Quand j’ai intégré l’équipe de LJT, le bureau était déjà équipé pour le télétravail. Notre système informatique était adapté, tout était accessible pour nous à distance. On avait accès à l’équipement nécessaire pour travailler de la maison, si nécessaire. Que l’on soit en télétravail ou non, ça ne changeait pas grand-chose, finalement.

Quant aux mesures sanitaires, mon bureau était particulièrement rigoureux et en avance. Avant que certaines mesures sanitaires ne deviennent obligatoires, le bureau les avait déjà mises en place.

Pour les horaires, il y avait même une équipe qui s’occupait exclusivement des horaires des avocat.e.s pour savoir qui pouvait être au bureau.

Nous, les stagiaires, on avait la possibilité d’aller au bureau. Si on était là plus souvent, ça ne posait pas de problème, car on avait des bureaux fermés. On voulait nous donner la chance de rencontrer les différents membres du bureau.

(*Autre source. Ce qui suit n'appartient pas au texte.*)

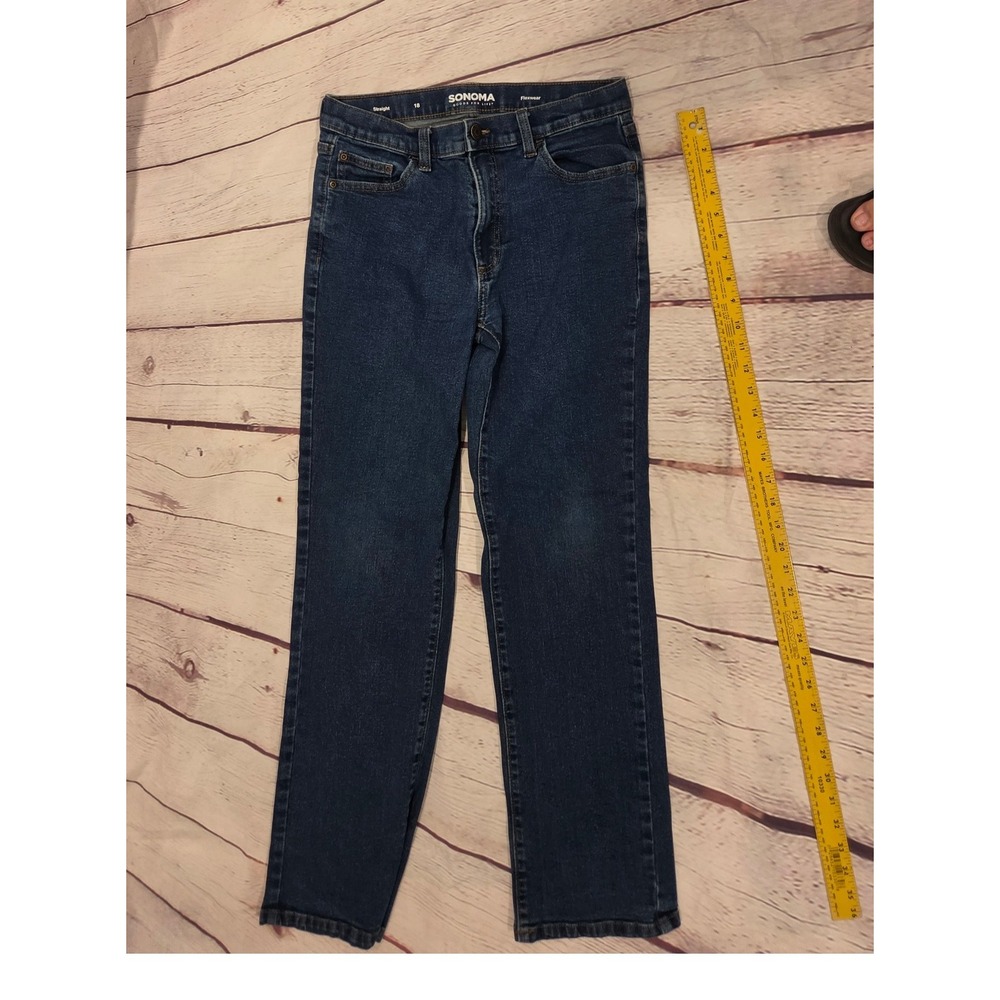 Sonoma Goods For Life Boys Straight Flexwear Jeans Dark Wash Size 18 Denim Pants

Je ne suis pas la plus à plaindre, j’ai été chanceuse de la façon dont le stage s’est déroulé. Il y a certainement eu des changements au niveau de la socialisation au bureau. On avait par exemple moins la chance de participer aux activités avec les collègues. Le stage a été toutefois fort agréable comme expérience.

D.H.
De mon côté, les stagiaires n’avaient pas de bureaux fermés. Cependant, le bureau a pris le soin d’espacer nos cubicules pour que l’on ne soit pas côte à côte. C’est sûr que l’on voyait moins les gens, mais on croisait des avocat.e.s et le personnel malgré tout. Avant décembre, on se rendait quand même à la Cour en personne.

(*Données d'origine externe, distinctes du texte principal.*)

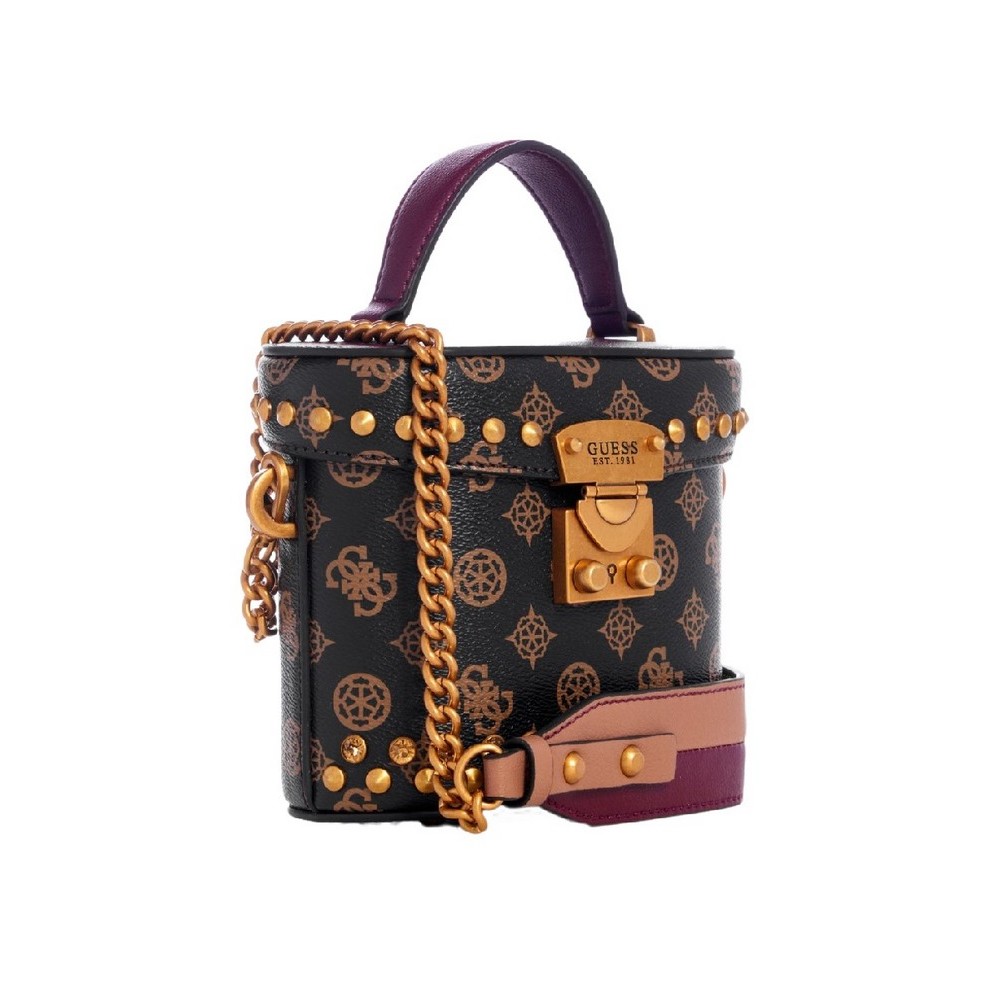 GUESS FYNNA MINI CANNISTER ΤΣΑΝΤΑ ΓΥΝΑΙΚΕΙΑ BROWN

Le bureau nous a aussi bien équipés pour pouvoir faire du télétravail. On avait des plateformes comme Teams pour faciliter notre travail. La communication se faisait très bien, malgré la pandémie.

G.L.
Avant de clore cette entrevue, je souhaiterais vous entendre sur les leçons que l’on pourrait tirer de cette pandémie?

D.H.
C’est une bonne question. Il y a beaucoup de personnes qui me disent que ça devait être difficile de faire mon stage en pandémie, en télétravail, etc. Pourtant, pour moi, on dirait que c’était un peu la normale. Après tout, je n’ai connu rien d’autre et je n’ai pas connu ce que c’est qu’être en stage autrement.

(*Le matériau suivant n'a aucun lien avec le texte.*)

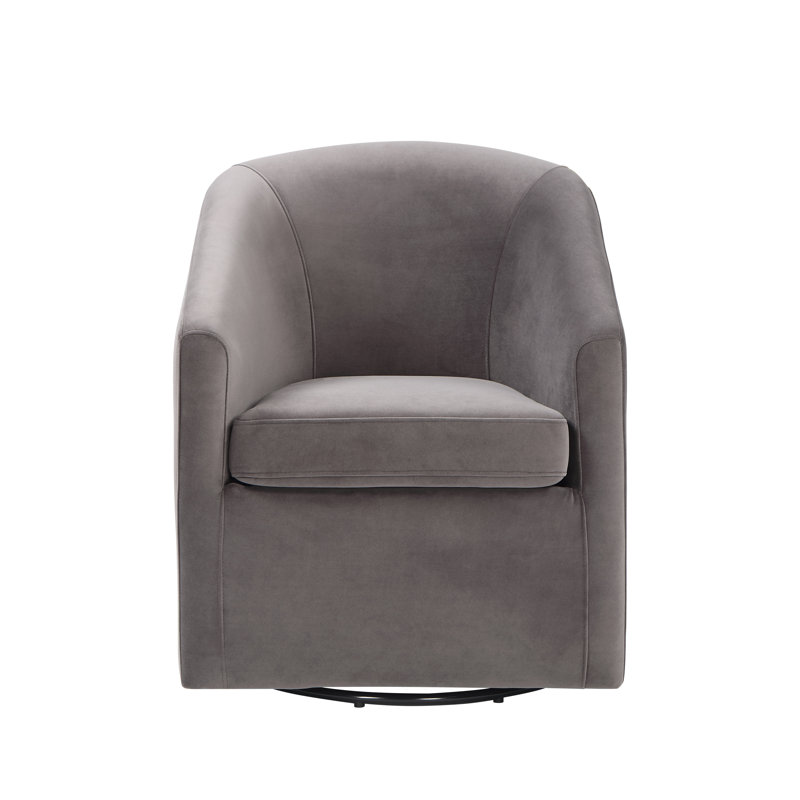 Fauteuil demi-tonneau pivotant en velours Biatris , Velours gris brouillard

Bien sûr, inconsciemment, je savais que ce n’était pas la « normale ».

A.B.
C’est tout à fait vrai, car on n’a pas de comparatif aux autres stages, après tout. Je me suis parfois demandé comment cela se serait déroulé sans pandémie, mais je ne me suis jamais sentie privée de mon stage. J’avais mes mandats et j’apprenais tous les jours. Au niveau du travail et du stage, ça n’a pas changé grand-chose.

D.H.
Je pense aussi que ce contexte particulier a démontré le potentiel des avocat.e.s de travailler à distance. En raison de la pandémie, on a été forcé de s’adapter par la force des choses et je pense que c’est une preuve que l’on peut penser notre façon de travailler et la profession autrement.

G.L.
 Des pistes qui mènent en effet à réfléchir. Merci beaucoup à vous deux et je vous souhaite une excellente carrière dans la profession.

A.B. et D.H. : Merci à vous.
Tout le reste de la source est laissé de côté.